Data for processing:
......
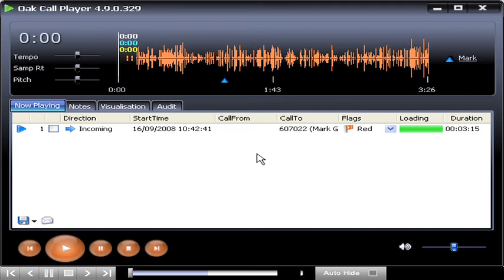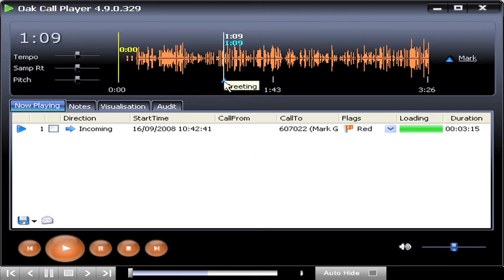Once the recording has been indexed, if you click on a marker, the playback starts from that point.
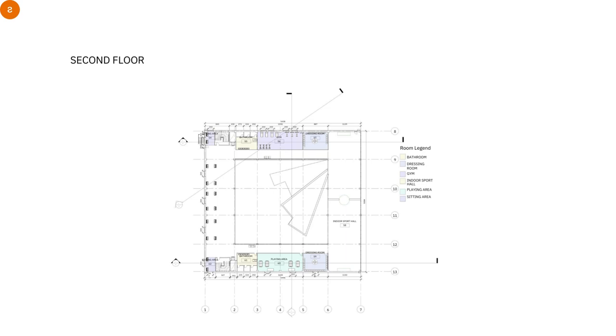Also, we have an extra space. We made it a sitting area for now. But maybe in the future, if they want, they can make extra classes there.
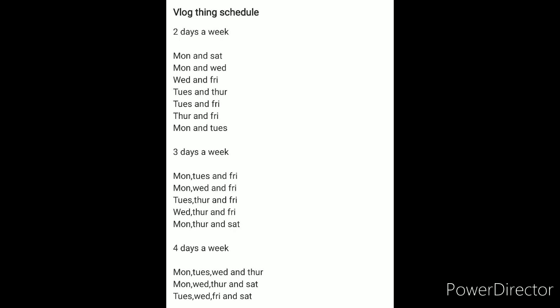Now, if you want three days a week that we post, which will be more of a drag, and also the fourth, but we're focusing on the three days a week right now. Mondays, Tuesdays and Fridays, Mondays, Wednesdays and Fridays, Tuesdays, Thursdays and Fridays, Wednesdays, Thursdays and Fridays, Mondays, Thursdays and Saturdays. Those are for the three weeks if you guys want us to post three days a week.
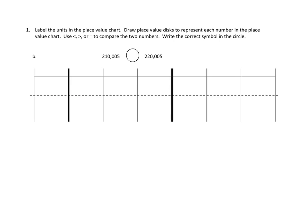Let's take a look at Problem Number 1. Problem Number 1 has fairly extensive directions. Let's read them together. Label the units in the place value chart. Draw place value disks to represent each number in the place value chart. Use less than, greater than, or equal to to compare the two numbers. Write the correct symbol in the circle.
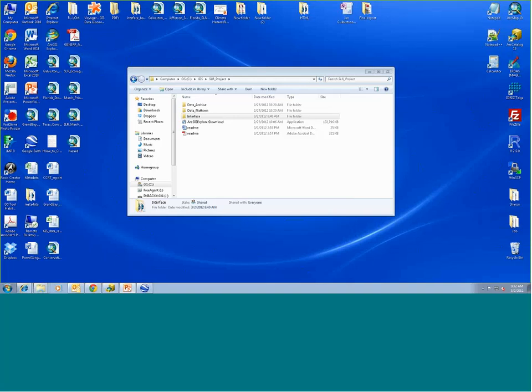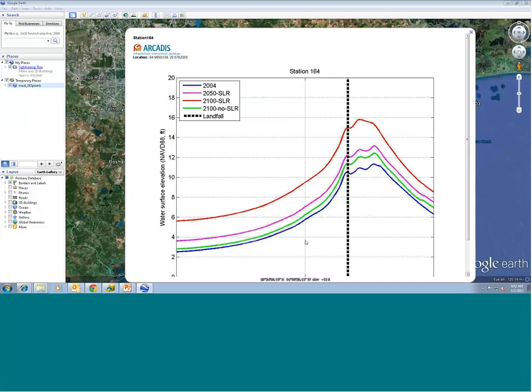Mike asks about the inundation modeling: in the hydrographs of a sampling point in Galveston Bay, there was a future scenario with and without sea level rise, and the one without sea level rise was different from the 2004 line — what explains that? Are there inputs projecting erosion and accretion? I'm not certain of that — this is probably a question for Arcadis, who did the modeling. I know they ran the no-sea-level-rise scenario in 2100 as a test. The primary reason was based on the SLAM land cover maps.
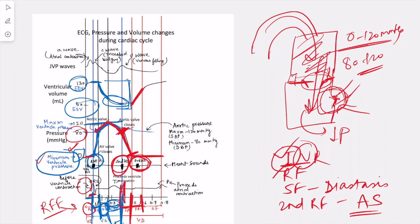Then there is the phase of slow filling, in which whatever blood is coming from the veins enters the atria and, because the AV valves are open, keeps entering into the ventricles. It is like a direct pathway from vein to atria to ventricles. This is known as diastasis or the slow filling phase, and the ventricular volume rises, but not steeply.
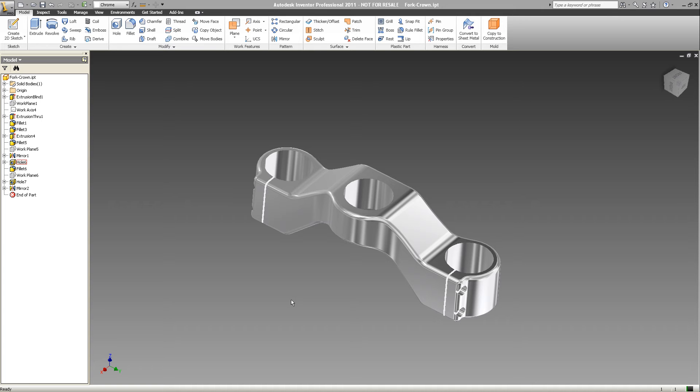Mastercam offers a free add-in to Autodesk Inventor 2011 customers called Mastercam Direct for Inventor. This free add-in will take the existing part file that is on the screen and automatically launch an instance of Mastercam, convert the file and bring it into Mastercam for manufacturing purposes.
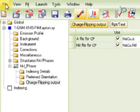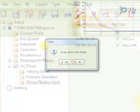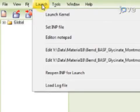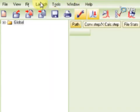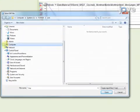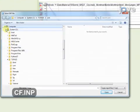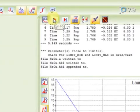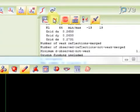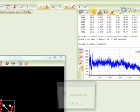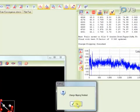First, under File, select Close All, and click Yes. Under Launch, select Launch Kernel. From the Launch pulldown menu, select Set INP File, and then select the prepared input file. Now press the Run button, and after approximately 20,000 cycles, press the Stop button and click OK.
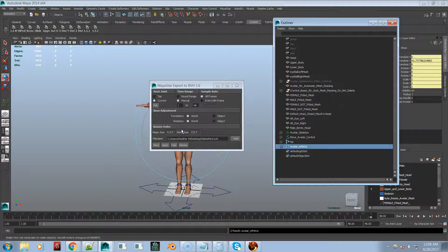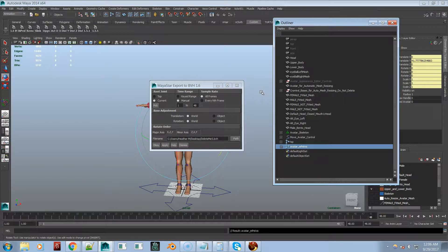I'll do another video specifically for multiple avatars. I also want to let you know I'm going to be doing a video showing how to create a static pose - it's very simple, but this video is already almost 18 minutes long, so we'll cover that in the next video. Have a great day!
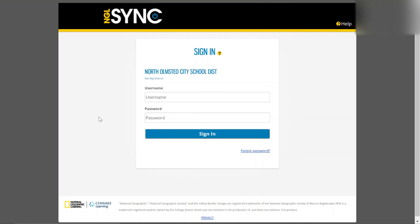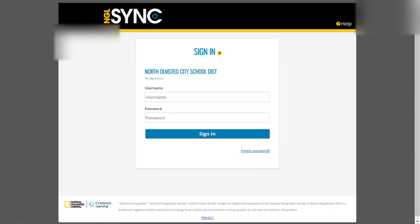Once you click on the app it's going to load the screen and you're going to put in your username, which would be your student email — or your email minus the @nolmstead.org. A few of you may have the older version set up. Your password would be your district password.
......
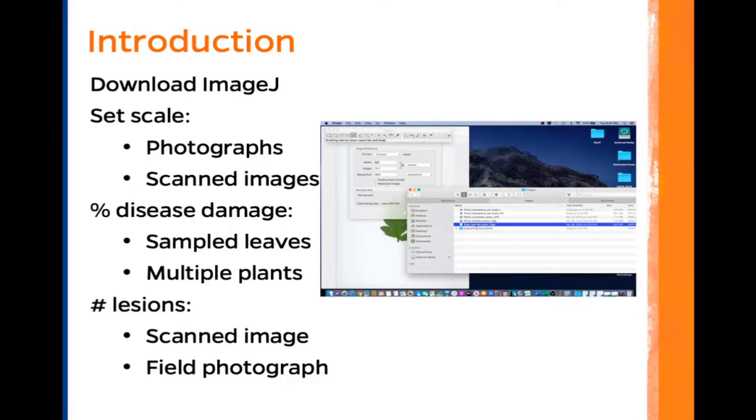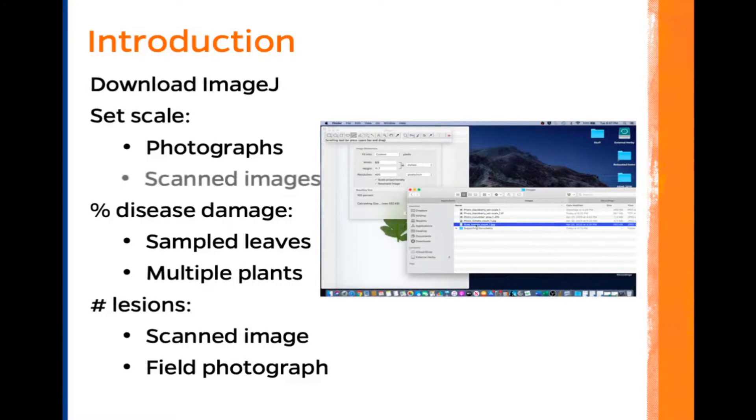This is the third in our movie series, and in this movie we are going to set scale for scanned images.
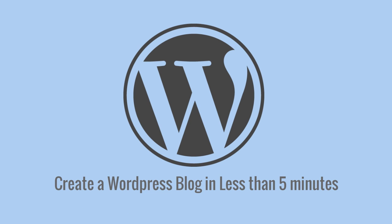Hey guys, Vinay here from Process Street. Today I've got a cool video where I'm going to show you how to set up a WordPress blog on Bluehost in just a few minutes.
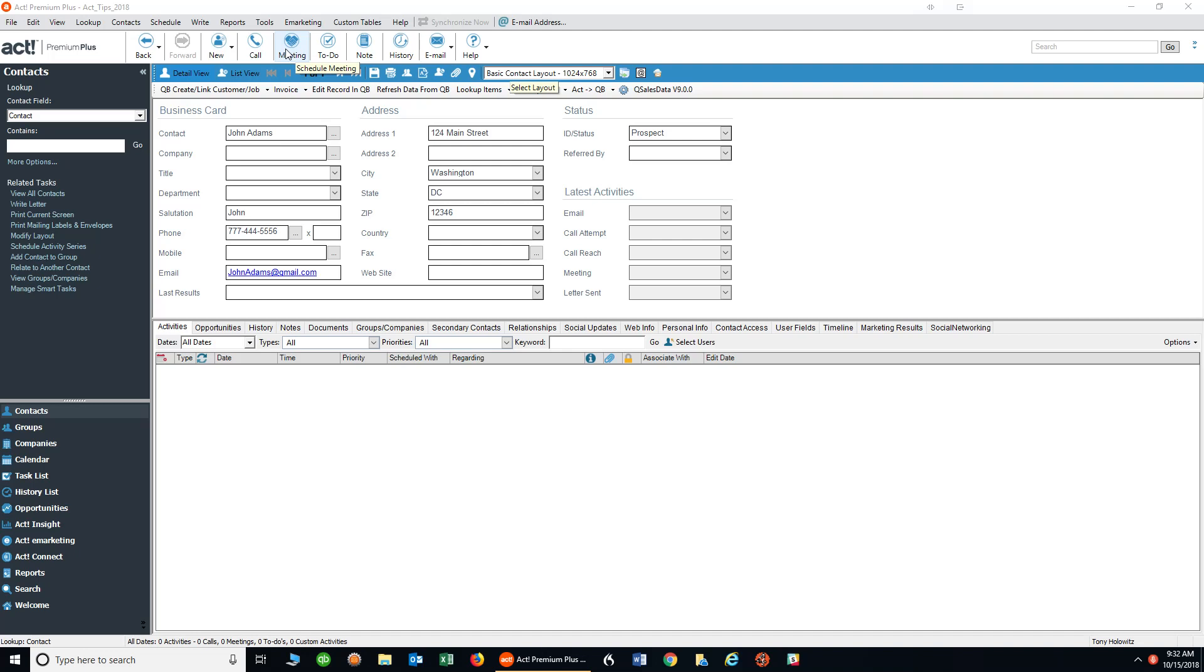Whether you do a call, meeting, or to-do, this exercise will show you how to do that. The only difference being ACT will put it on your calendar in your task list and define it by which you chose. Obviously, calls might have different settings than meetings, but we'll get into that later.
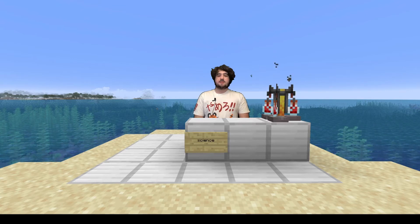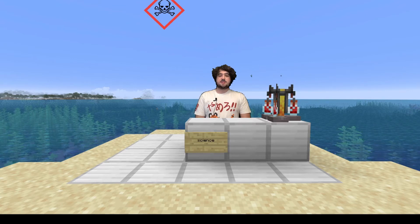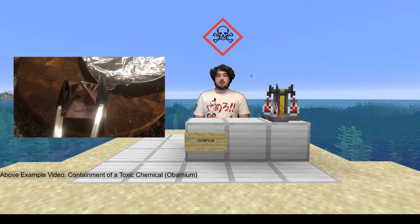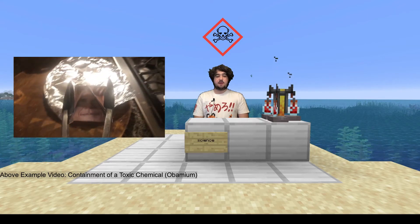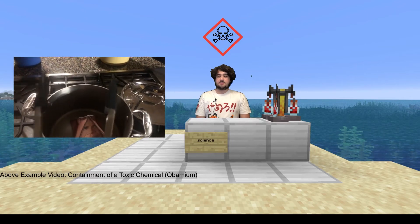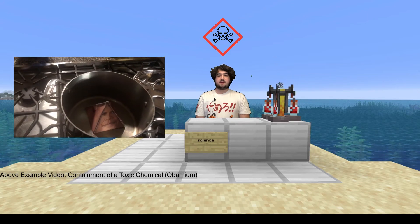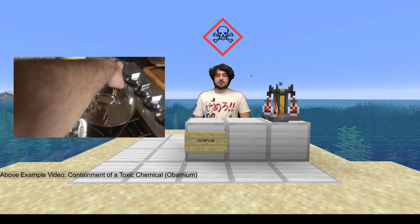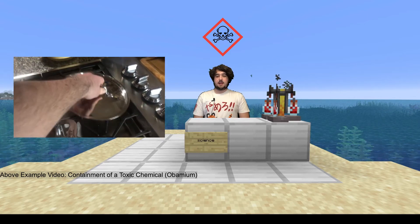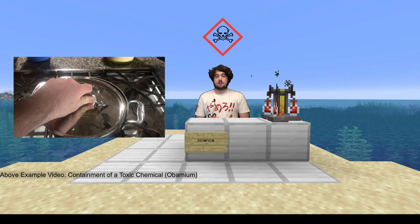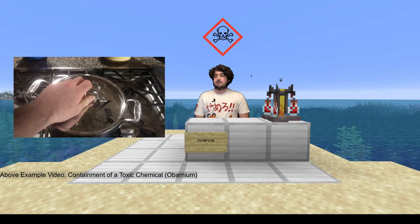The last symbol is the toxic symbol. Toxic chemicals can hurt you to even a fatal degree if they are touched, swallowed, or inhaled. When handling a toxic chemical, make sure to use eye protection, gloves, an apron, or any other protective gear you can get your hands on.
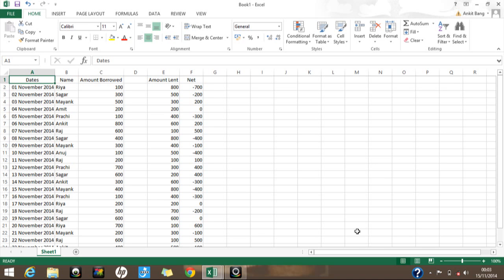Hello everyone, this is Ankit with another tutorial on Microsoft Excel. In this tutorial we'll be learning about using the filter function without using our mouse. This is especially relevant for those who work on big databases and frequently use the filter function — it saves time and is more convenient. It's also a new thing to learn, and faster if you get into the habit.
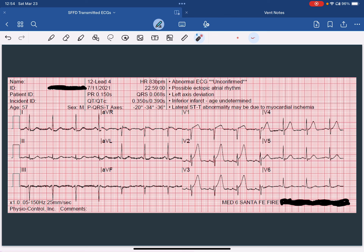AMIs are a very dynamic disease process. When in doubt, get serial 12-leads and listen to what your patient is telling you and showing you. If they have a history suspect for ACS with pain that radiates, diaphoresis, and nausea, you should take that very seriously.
......
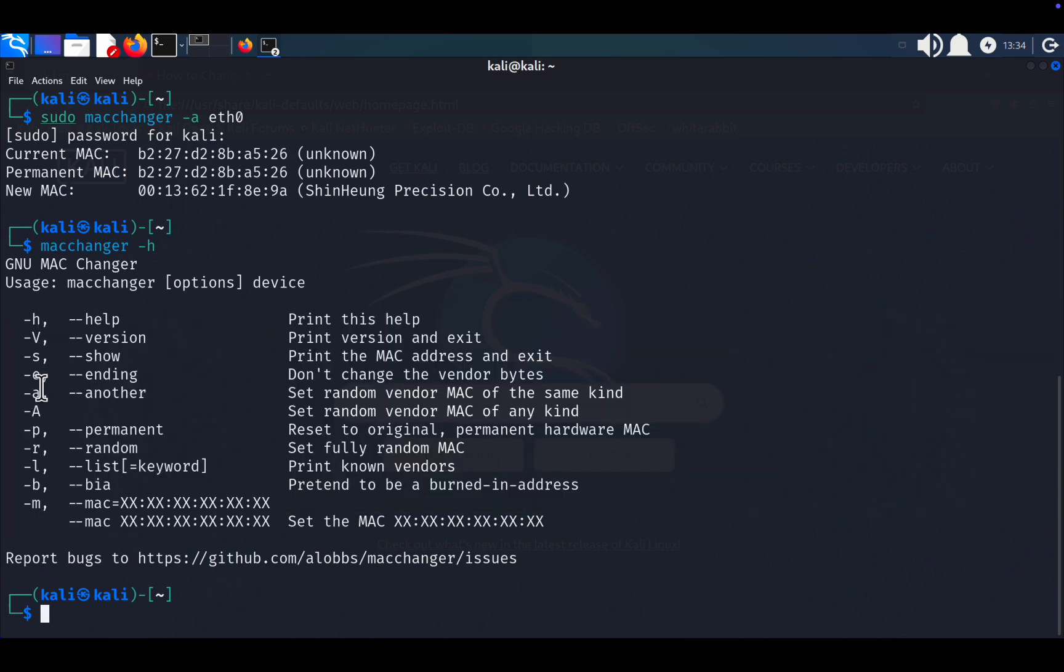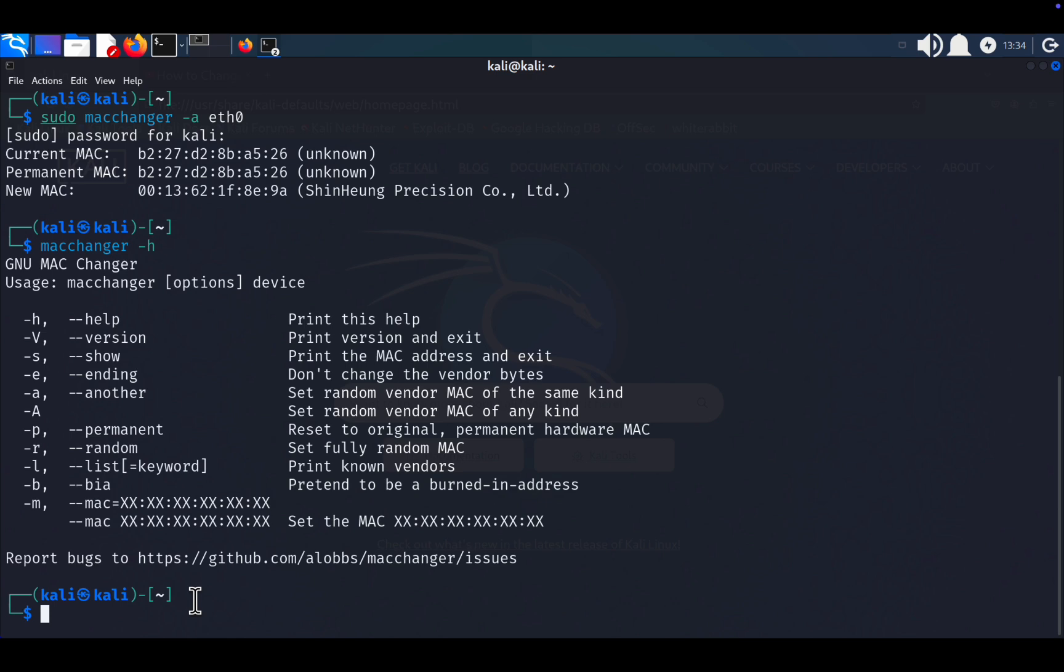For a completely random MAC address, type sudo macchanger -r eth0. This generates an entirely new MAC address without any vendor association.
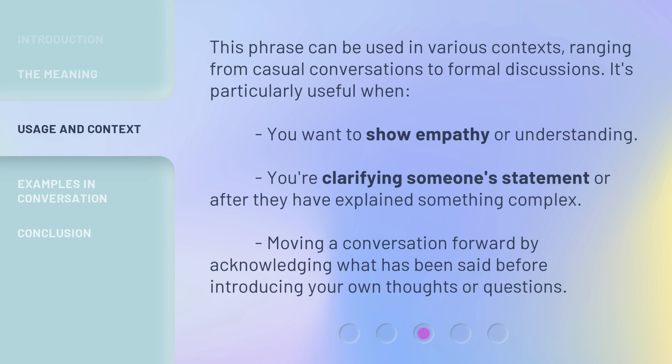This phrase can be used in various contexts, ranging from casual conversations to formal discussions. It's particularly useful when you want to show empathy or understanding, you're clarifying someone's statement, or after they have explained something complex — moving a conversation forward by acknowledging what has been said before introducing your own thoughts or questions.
......
Task details: Using the records above, print exactly the run of lines that starts with the line with "Once the recording" and goes on through the line with "Also, we have", pictures excluded.

Task response:
Once the recording has been indexed, if you click on a marker, the playback starts from that point.
Also, we have an extra space. We made it a sitting area for now. But maybe in the future, if they want, they can make extra classes there.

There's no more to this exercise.